Parmi mes provocations assumées, j’ai appuyé sur
le fait que si on prétendait « lutter contre la fracture
numérique »,
alors les jeunes n’étaient pas un public prioritaire
dans les EPN ... et de ce fait les actions qui leur étaient proposées devaient
s’inscrire plutôt dans une perspective d’Education aux médias, ce qui
n’est pas vraiment la même chose en terme d’objectifs et de pratiques
pédagogiques.

La définition de la posture du médiateur,
neutre vis à vis des technologies et des publics
, a beaucoup de mal à
être entendue. Elle est peut-être mal formulée (voir commentaire d’Isabelle
Ferracci et ma réponse sur @-Brest
), mais ce qui est sûr c’est qu’elle
heurte de front des années de pratiques d’animateurs évangélisateurs
et missionnaires des nouvelles technologies, ou bien plus encore, les volontés
émancipatrices des « éducateurs du Peuple » ou les
prétentions civilisatrices des "héraults de la Culture".

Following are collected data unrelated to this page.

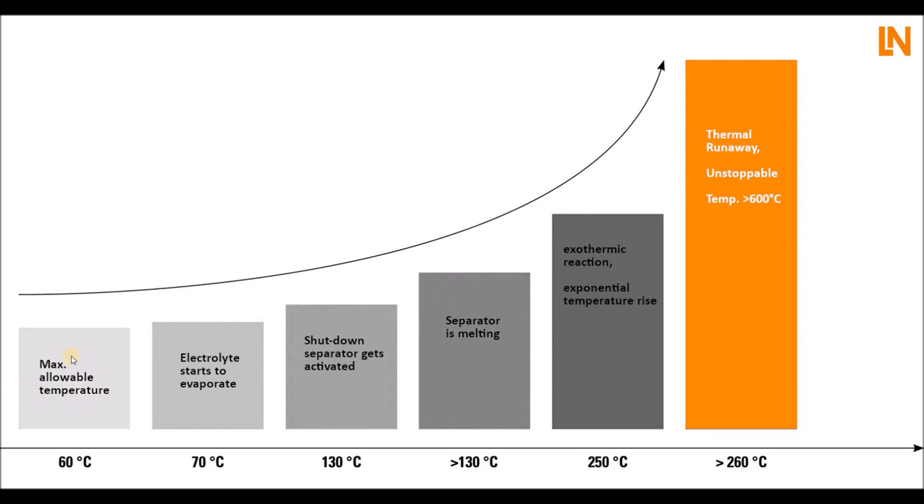What happens and what is the thermal runaway? Right at the beginning, you have, for example, a maximum allowable temperature of 60 degrees. That's okay, but we're going upwards with the temperature. At 70 degrees, the electrolyte starts to evaporate. There's already a built-in safety thing inside each cell called the shutdown separator. He gets activated and begins to shut down the lithium-ion transport. The ions can't pass the separator anymore, so no current flow basically through that cell.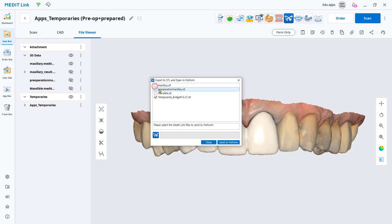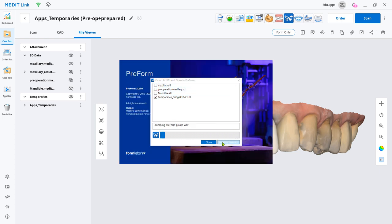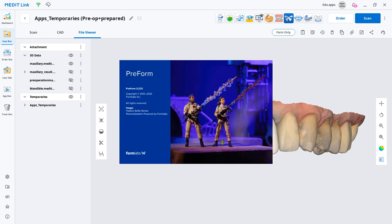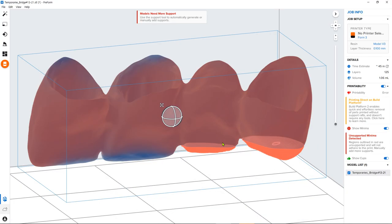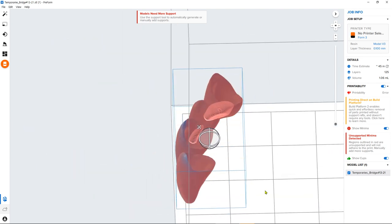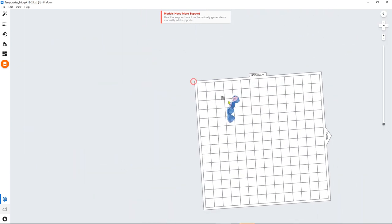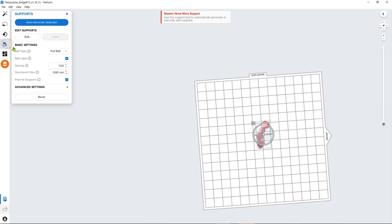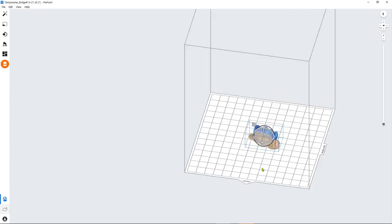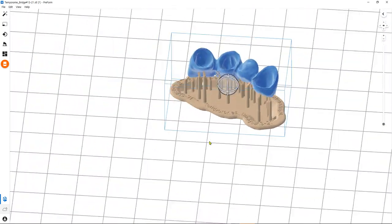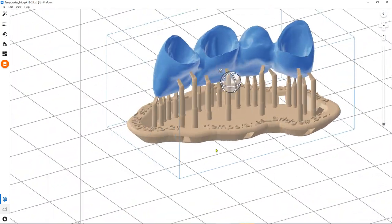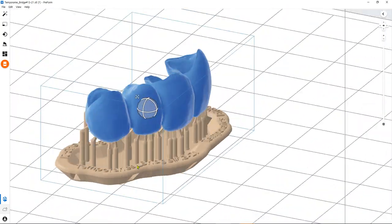Now, you have a 3D printable temporary. If you are using a 3D printer from one of our partners, you can export the temporary file directly to their software from MeditLink and make the final preparations before printing.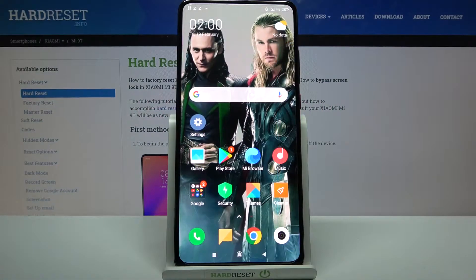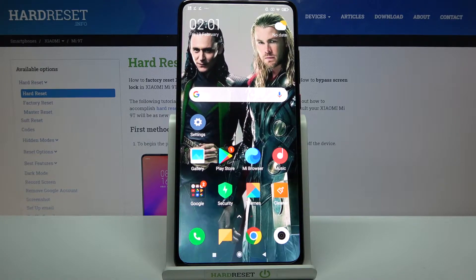Hi, in front of me is Xiaomi Mi 9T and today I would like to show you how you can operate vibration options on this device.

Pour ce qui est des réactions sur Twitter
(#assmednum), malheureusement le fil Twitter a perdu l’historique d’une bonne
partie des messages échangés pendant la conférence. Lorsque j’ai cherché à les
consulter le lundi après-déjeuner, beaucoup avait déjà disparus. Les réactions
de Sylv@e (alias Sylvère Mercier), parmi les
plus nombreuses, les plus critiques et les plus virulentes ont été suivies par
un commentaire
plus fouillé sur ce blog
et un article étayé sur le sien
Bibliobsession - "Médiation numérique : réappropriation vs
autonomie"
.

Je m’attendais à cette réaction, puisqu’il a été
parmi les premiers (sinon le premier et je salue son initiative précoce) à
chercher à donner une définition de la Médiation numérique, … et qu’elle est
très différente de celle que je propose ! Je réagirais point par point aux
arguments intéressants qu’il développe dans un article spécifique à venir. Je
vais prendre un peu mon temps, car mon souci n’est pas de polémiquer
mais de construire
, d’expliquer plus clairement pour mieux me faire
comprendre, d’entendre les critiques fondées et d’en tenir compte pour faire
évoluer la définition proposée, et certainement pas de convaincre qui que ce
soit d’adhérer à ma vision personnelle du sujet. Ça ne me dérange pas
du tout qu’il circule plusieurs définitions différentes de la médiation
numérique
, pour peu qu’elles soient étayées et qu’elles soient
fonctionnelles, c’est à dire qu’elles aident les professionnels à cerner leurs
missions et à faire reconnaître leurs actions.